Me subo en hombros de gigantes, como decía Newton, y miren que la ciencia no sería la misma sin él. Soy lo que soy gracias a lo que los demás me han dado porque me he moldeado con altos ejemplos. Pero la decisión ha sido siempre mía, pues -a la final- soy yo quien ha elegido libremente. Me moldeo aprendiendo de los demás.
Ese equilibrio es el esencial. Yo mismo encuentro el sentido de la vida, pero tengo guías que me ayudan en esa labor, la más importante. Como seres sociales, mi autoconcepto surge tanto de mi autoimagen como de lo que me transmiten los demás de su percepción acerca de mí. De igual forma, no podríamos aprender casi nada si nadie nos lo enseña. Entonces, no es negativo en sí escuchar opiniones ajenas, lo malo es depender de ellas. Ahogar nuestra propia voz para oír nada más lo que nos viene de afuera.
El ser humano transcurre su vida esperando respuestas. Como diría Fito Páez, «uno pasa buscando, y perdiendo certezas». Sin embargo, cuando esa búsqueda se traduce en angustia, muchas veces las personas comienzan a perseguir esas respuestas desesperadamente, hasta debajo de las piedras. Y en esa ansiosa persecución pueden dejarse llevar por cualquier canto de sirenas. Es ahí donde pierden su identidad, su idiosincrasia, en aras de ideologías que les dan algún sentido de pertenencia. Esto les da seguridad por un tiempo, pero como no llenan su necesidad de crecimiento, de actualización, ese llamado a la trascendencia, se quedan cortas.

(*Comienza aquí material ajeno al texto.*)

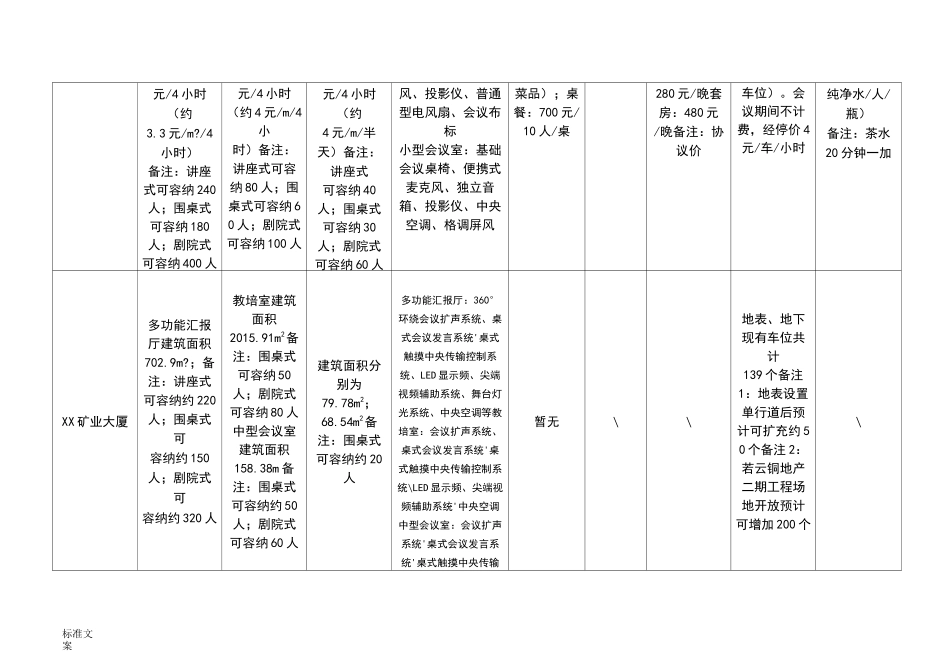 会议中心运营方案设计_第2页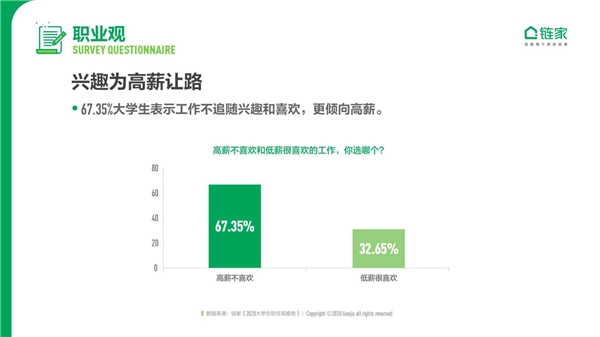 鏈家發布《2020中國大學生職住觀報告》：去大城市奮斗仍是主流 對買房置業很樂觀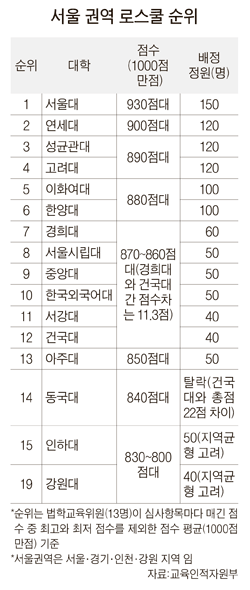 법학교육위, 서울 권역 로스쿨 순위 공개 | 중앙일보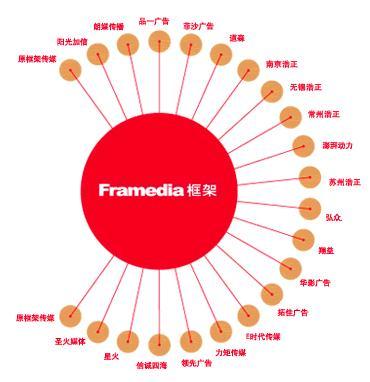 FRAMEDIA框架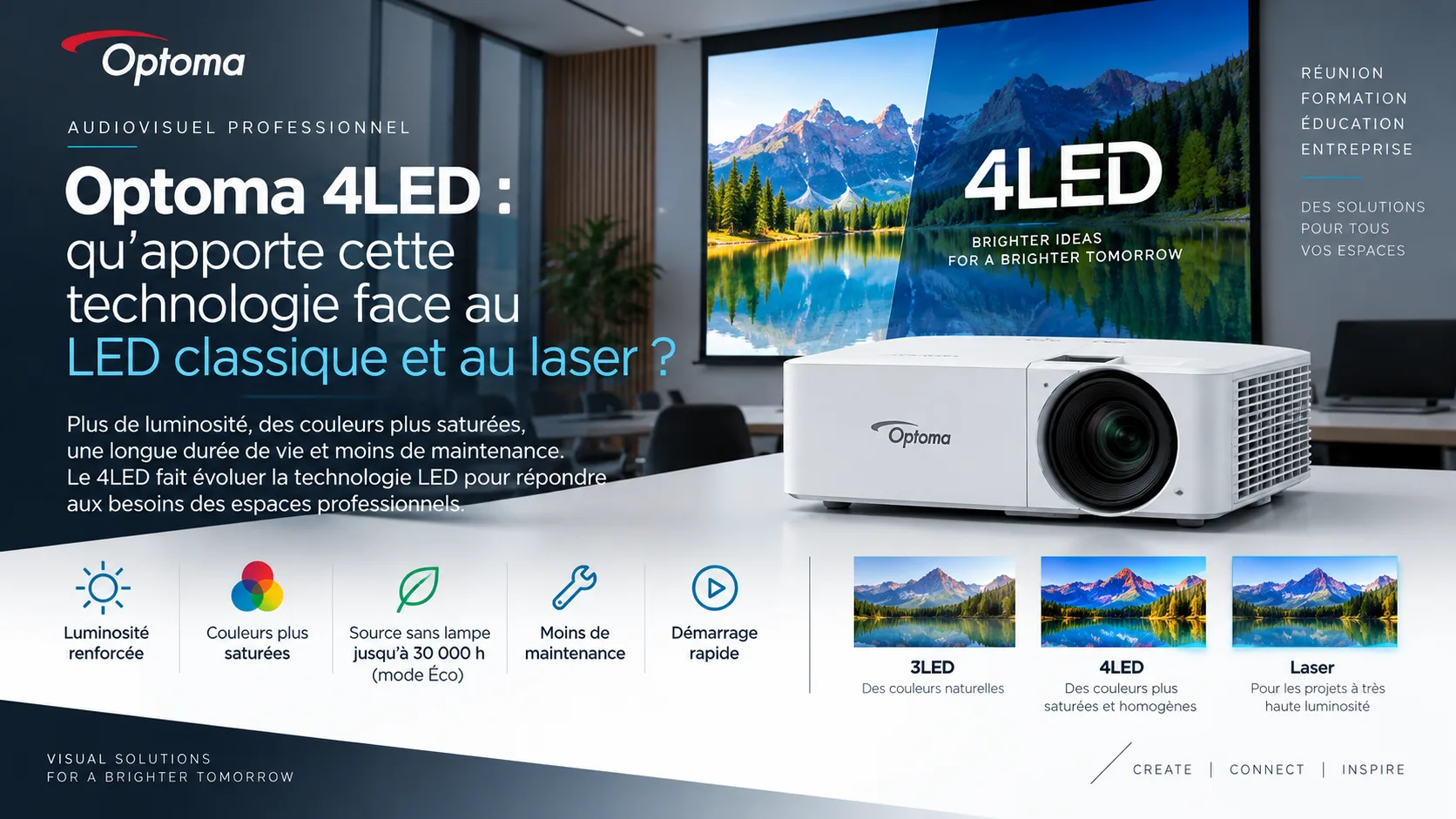Optoma 4LED : qu’apporte cette technologie face au LED classique et au laser ?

Es entonces necesario apoyarse en el conocimiento y las experiencias de otros, agradecer los consejos y opiniones que nos dan otras perspectivas de la vida y de nuestra propia realidad. Sin embargo, no podemos perder nuestra esencia dependiendo solo de ellas. Yo no dejo de ser yo si escojo racionalmente aquello que tomo de los otros. Es más, es importante aprender a aprehender, a adquirir información de todas partes pasándola por el tamiz de mis principios, mi vocación y el sentido de mi vida.
Reconocerme es también reconocer mis influencias.